Public Enemy Number One

We're making progress, with 'wink-wink' management transition to the Ben Cherington Era (let's hope it's anything approaching the Epstein reign). Sad to say, the Sox scuffle and the official title "The Collapse" have equal play with a highly competitive World Series.

Meanwhile, the Sox have yet to go into PR mode to repair the damages to the Good Ship Fenway. Suffice it to say, Sox loyalists (especially older ones) don't want to hear the words Narragansett or Mabel, Black Label. Damage control thus far gets limited to weak apologies and info that Jason Giambi and Roger Clemens used to share quality time in the Bomber dugout with a brewski.

With many citizens working to find a job, the Red Sox work to get compensation for Chicago's New Man About Town. Pipe dreams like Starlin Castro or the exile of John Lackey to the Windy City have been replaced by the hopes that we'll get a pinch-running prospect from the Cubs. Theo negotiating his own compensation does have a pretty incestuous feel to it.

Give us Barabbas. If we erected a stage on the Common, and asked the fandom which would be more damaging, the return of Whitey Bulger or John Lackey, no doubt the masses would cry, "Give us, Bulger." For a guy allegedly a 'great teammate' Lackey will leave with a reputation perhaps even lower than the Forgiven One, Bill Buckner. Public character assassination leaves a rotten taste in the mouth, but admittedly much of He Who Must No Longer Be Named's wounds were self-inflicted.

Safe bets. Don't expect the Red Sox to raise ticket prices. Even for the Sox that would be the "Audacity of Dope". We know that Curt Young slinking out of town wasn't greeted with any thunderstorm of tears, but we must wonder who is leaking all the goodies to the media.

Who's the boss? After an initial flood of speculation about the new managerial candidates, the wires have gone silent.
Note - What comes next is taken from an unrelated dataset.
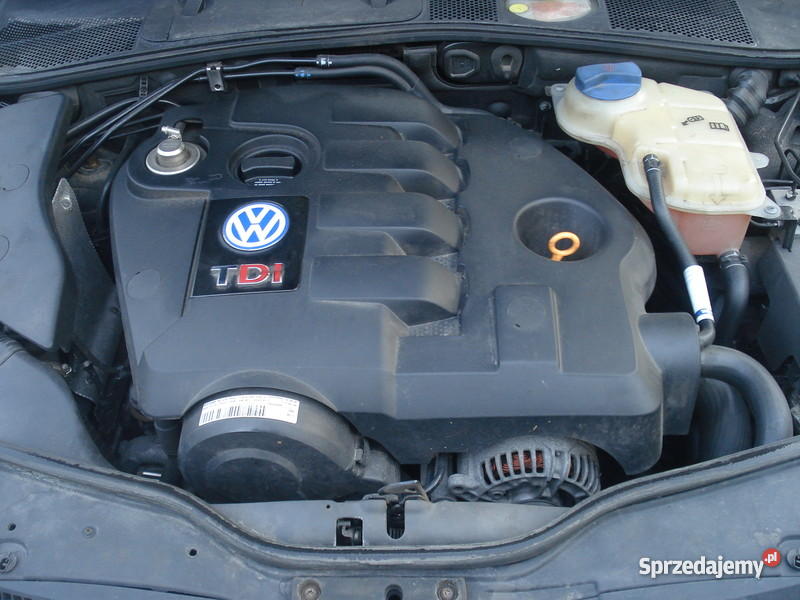 VOLKSWAGEN PASSAT B5 19TDI CLIMATRONIC 2001R LIM Chojnice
And how does the first meeting between the manager and the players go?  Where's Dick Williams when you need him?

The manager can't go in with all guns blazing and turn off the audience, but he has to develop a new team culture, which is tough when it's changed from 25 players, 25 cabs to 25 limos. You could appeal to their manhood and professionalism, no, that didn't work with the last administration any more. You could go Phil Jackson with a "basketball is sharing" spinoff, but that seems unlikely.

Probably something between the Mutiny on the Bounty flogging scene and James Bond about to be lasered in two in Goldfinger would be about right. Part of the issue is to eliminate the old guard that has too many connections to The Collapse, including Tim Wakefield, Jason Varitek, and maybe even David Ortiz. Can anyone see this happening to the Twins (Tom Kelly anyone?) or even the Orioles with the Showalter Way.

Someone's still got a lot of explaining to do, Lucchino. How do you treat multi-millionaire spoiled brats with kid gloves and get anywhere?